Exactly the lines from the one holding "the sun is setting" through the last line of the listing below must appear in the answer, and no pictures.

Segment Open

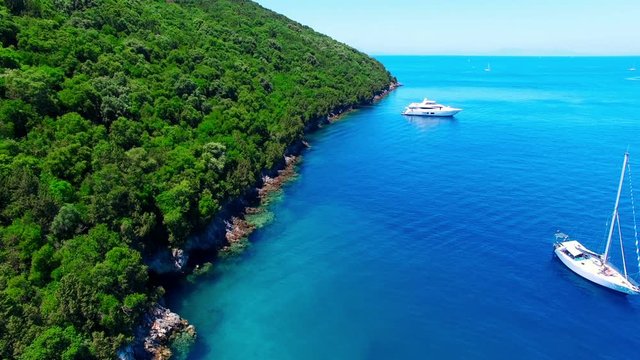 Tropical Ionian Greece island 4k travel video. Ocean sea forest coast seashore, blue water, yacht boat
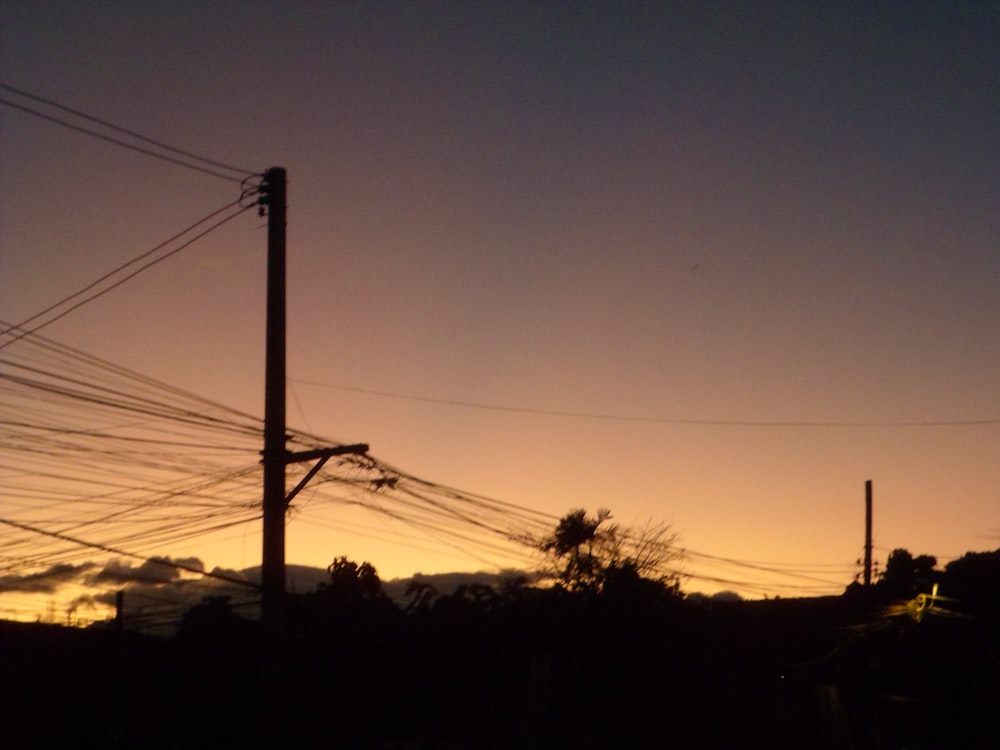 the sun is setting behind power lines and telephone poles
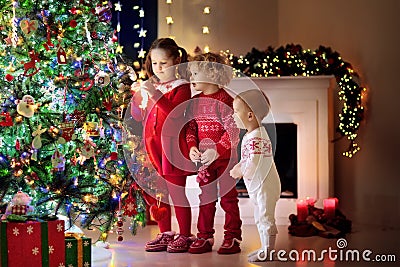 Children at Christmas tree. Kids at fireplace on Xmas eve Stock Photo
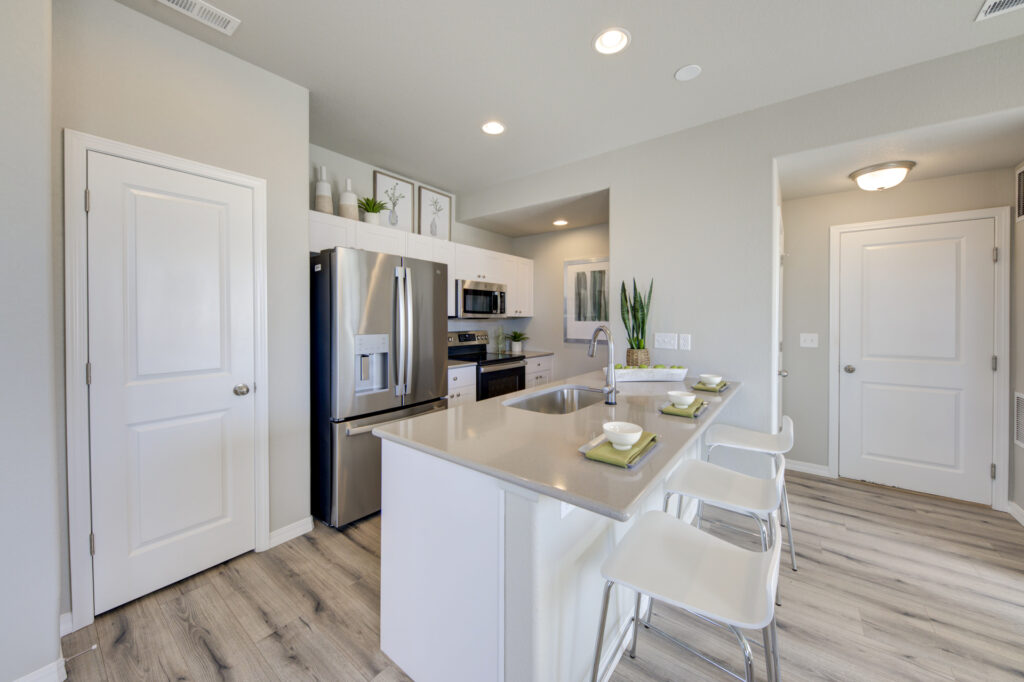 Bright modern kitchen with island, stainless steel fridge, and three bar stools.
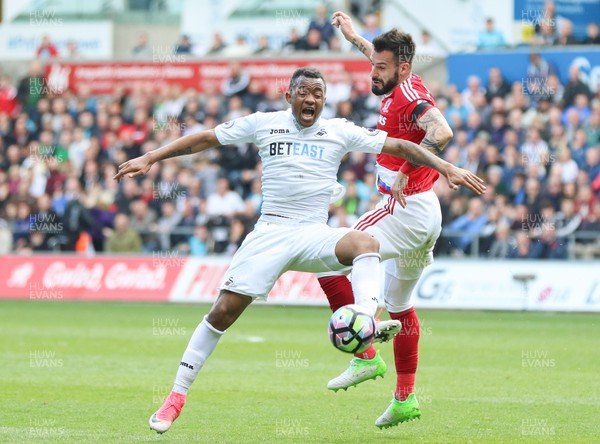 020417 - Swansea City v Middlesbrough, Premier League - Jordan Ayew of Swansea City and Alvaro Negredo of Middlesbrough compete for the ball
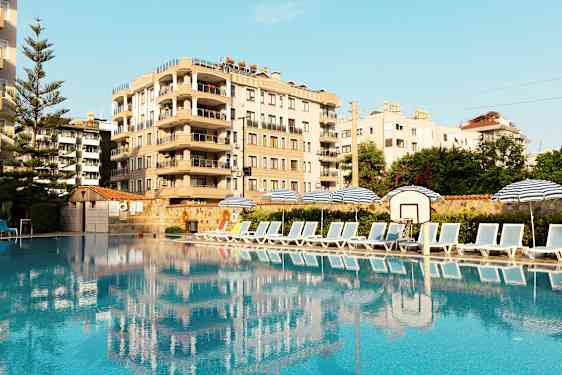 Billede af en pool med solsenge og parasoller ved siden af, samt en bygning i baggrunden. (AI-genereret tekst)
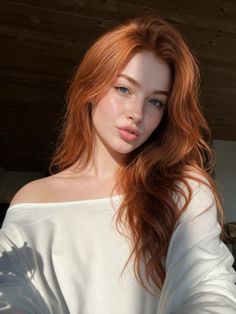 Woman with red hair and freckles wearing an off-shoulder top in soft lighting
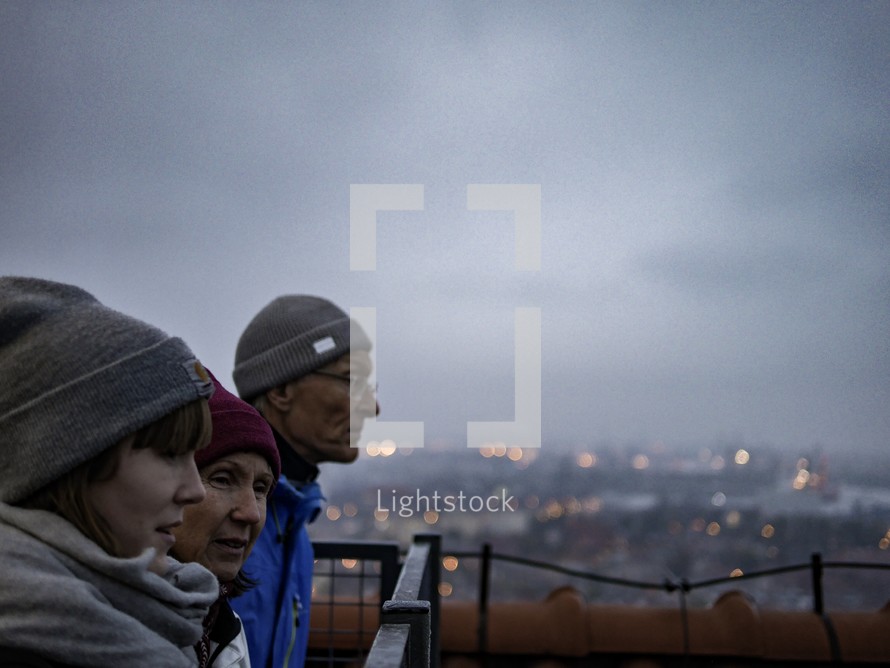 People looking out at a view of Gdansk, Poland 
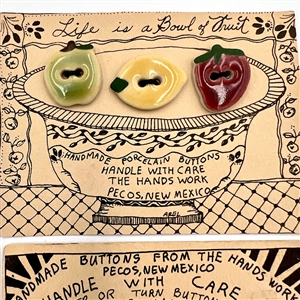 Four cards of “Hands Work” ceramic buttons of assorted objects and fruit.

Segment Closed

■ **Answer below**:
 the sun is setting behind power lines and telephone poles
 Children at Christmas tree. Kids at fireplace on Xmas eve Stock Photo
 Bright modern kitchen with island, stainless steel fridge, and three bar stools.
 020417 - Swansea City v Middlesbrough, Premier League - Jordan Ayew of Swansea City and Alvaro Negredo of Middlesbrough compete for the ball
 Billede af en pool med solsenge og parasoller ved siden af, samt en bygning i baggrunden. (AI-genereret tekst)
 Woman with red hair and freckles wearing an off-shoulder top in soft lighting
 People looking out at a view of Gdansk, Poland 
 Four cards of “Hands Work” ceramic buttons of assorted objects and fruit.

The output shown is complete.